Arañas, narcisismo y muerte retributiva

Uno de los personajes a los que más cariño le tengo, hasta el punto de haberse convertido en mi alter ego en muchos sitios, es el mago humano Ilmar Cloudfire. Creado bajo las reglas de D&D 3º edición, era uno de los dos magos del grupo habitual de juego. El otro mago, Rau, era lo más opuesto posible a Ilmar, y eso quedó patente en varias escenas dignas de ser recordadas.

Ilmar era, virtualmente, una torreta de artillería (reminiscencia inconsciente del origen primigenio de los magos en D&D, por otro lado). Especialista en evocación y todas las dotes enfocadas a maximizar el daño mágico, llevaba el concepto “crystal cannon” a sus últimas consecuencias. Rau era abjurador y especialista en protecciones y defensas mágicas, con bastante puntos de vida y tiradas de salvación altas.

De entrada es un equilibrio muy bueno, con Rau en primera línea levantando defensas e Ilmar en retaguardia fabricando chicharrones. Todo muy bonito si no fuera porque a ninguno de los dos le iba eso de trabajar en equipo (algo que poco a poco se les fue pasando).

Precisamente, un punto de inflexión de este comportamiento ególatra fue un combate contra una araña gigante, típico jefe de final de dungeon. Los guerreros estaban ya cansados (las cosas de no llevar nadie que curase), andábamos regular de pociones y la única baza era los conjuros de mago, recién repuestos.
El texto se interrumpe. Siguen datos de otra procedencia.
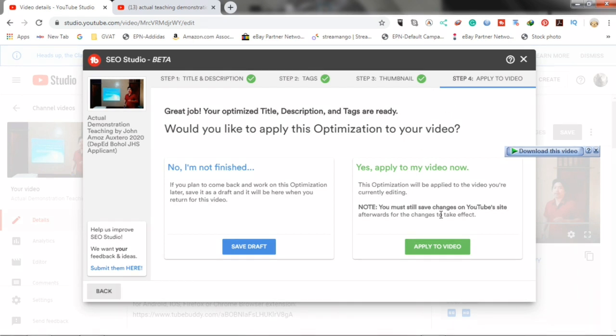Here, you will have choices. You can save it as draft or you can apply to video. Let's just apply it to the video. Let's go.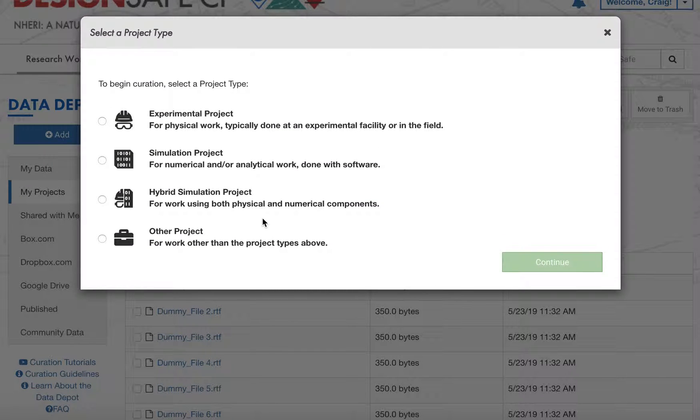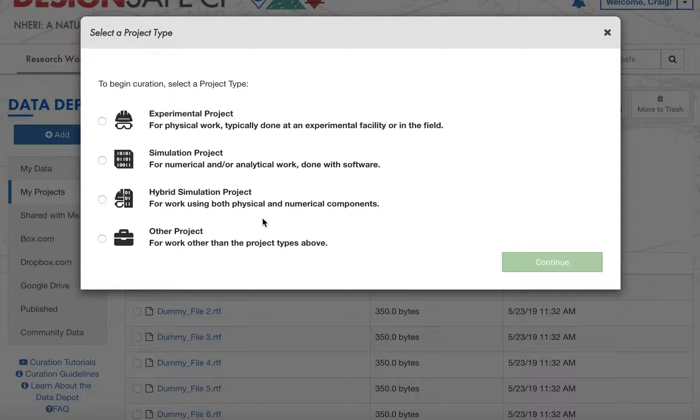To begin, you must select a project type based on the type of work you want to publish. For these tutorials, we will be curating an experimental project, but the experience is similar in each project type.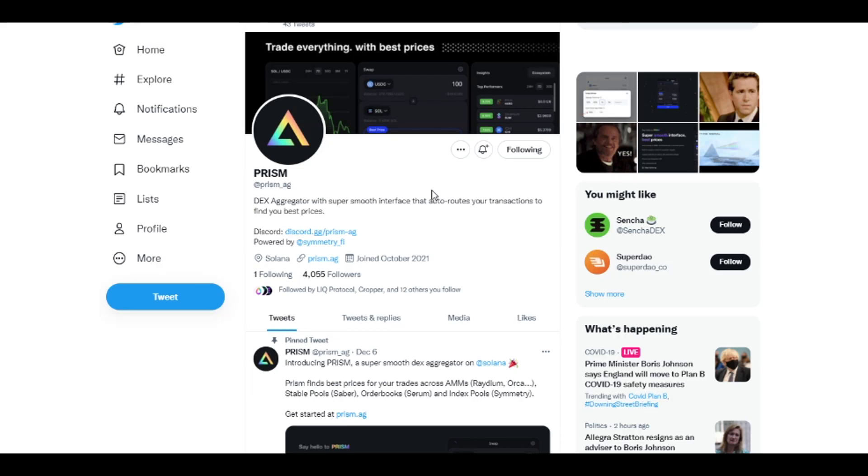Welcome everyone. In today's video I wanted to talk about Prism, which is a new DEX aggregator live on Solana Mainnet. They spun off of Symmetry Finance, which is an index and DEX protocol itself. Prism is sort of part of that whole Symmetry Finance family.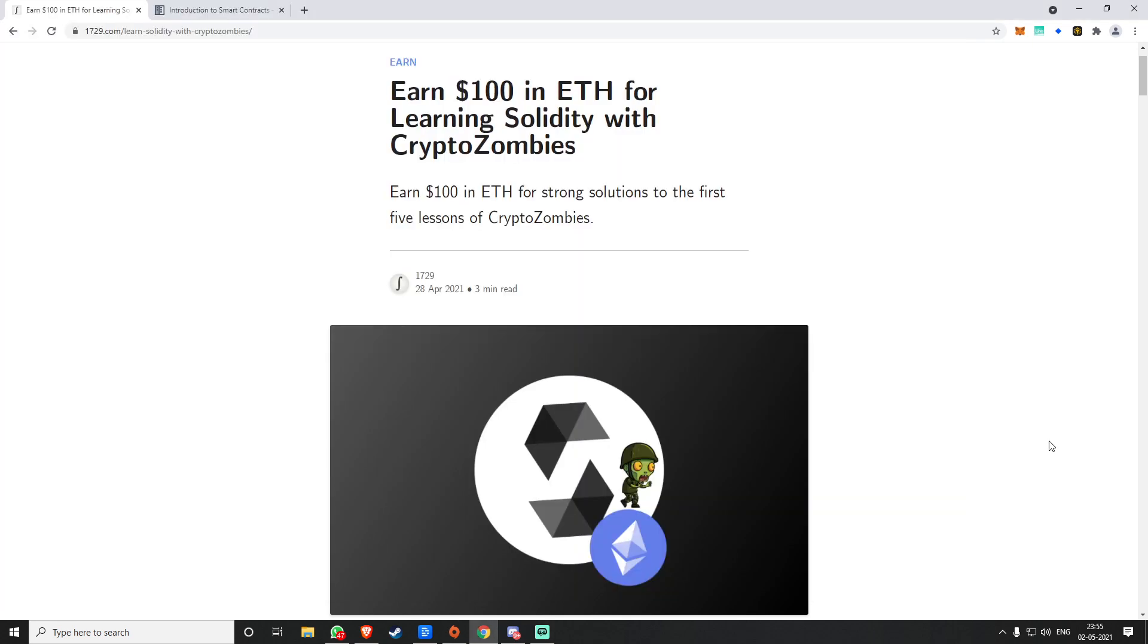Hi everyone, Dheeraj here. This website 1729.com is paying you a hundred dollars to learn Solidity. What is Solidity? Solidity is the programming language on the Ethereum network.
Junto a la araña gigante había otras más pequeñas, de las que el bárbaro y el enano decidieron encargarse mientras la artillería pesada intentaba matar a la más grande. El otro guerrero, un humano llamado Dante, se bebió una poción de protección contra el fuego (porque sabía lo que se le venía encima) y cargó contra la araña al grito de “Matadla antes de que me mate a mí”. Y así comenzó el combate.

Máster: La enorme araña se alza sobre sus patas traseras y levanta las delanteras, afiladas como cuchillos. Las mandíbulas chasquean, goteando veneno.

Ilmar: Bola de fuego.

Rau: Piel de piedra.

(Segundo asalto)

Ilmar: Bola de fuego.

Rau: Imagen múltiple

(Tercer asalto)

Ilmar: Bola de fuego.

Rau: Escudo.

(Cuarto asalto)

Ilmar: Bola de fuego.

Rau: Puerta dimensional para colocarme detrás de la araña.

(Quinto asalto)

Ilmar: Bola de fuego.

Rau: Misil mág…

Máster. Vale, se muere.

Rau: ¿Qué? Pero si no le he pegado.

Máster: La enorme araña agoniza, y mientra cae, veis como las placas quitinosas comienzan a hincharse hasta que explotan en una violenta explosión de fuego y veneno.

Ilmar: ¿Qué?

Máster: Muerte retributiva. A ver esas tiraditas de salvación. (Ruedan los dados). Bien, Dante se libra por los pelos, Rau recibe mitad de daño e Ilmar se tira en plancha hacia la explosión. Tiro el daño.

Rau: Tengo piel de piedra activado, así que no me llevo daño.

Máster: Cierto, sales indemne de la explosión, pero cubierto de veneno.

Rau: Llevo el escudo, así que el veneno no me salpica.

Máster: Es verdad. Pues nada, no te hace absolutamente nada. ¿A cuánto está Ilmar?

Ilmar: Pues sin contar el daño del veneno, voy a estar muy quietecito hasta que regresemos al templo.

Y así, poco a poco, alcanzamos un equilibrio entre matar a todo lo que se mueve y sobrevivir medianamente intactos tras una batalla.